→ COLLECTED DATA:
-------------------------
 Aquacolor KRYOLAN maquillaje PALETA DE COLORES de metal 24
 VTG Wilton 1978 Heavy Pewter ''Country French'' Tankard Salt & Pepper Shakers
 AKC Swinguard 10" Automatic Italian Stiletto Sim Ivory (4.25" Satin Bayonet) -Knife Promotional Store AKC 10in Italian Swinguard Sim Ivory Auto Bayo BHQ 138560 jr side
-------------------------
→ PROBLEM REQUIREMENTS: Once the line containing "VTG Wilton 1978" is found, please retype it and every remaining line of the listing above, exactly, with nothing else.

→ WRITTEN RESPONSE:
 VTG Wilton 1978 Heavy Pewter ''Country French'' Tankard Salt & Pepper Shakers
 AKC Swinguard 10" Automatic Italian Stiletto Sim Ivory (4.25" Satin Bayonet) -Knife Promotional Store AKC 10in Italian Swinguard Sim Ivory Auto Bayo BHQ 138560 jr side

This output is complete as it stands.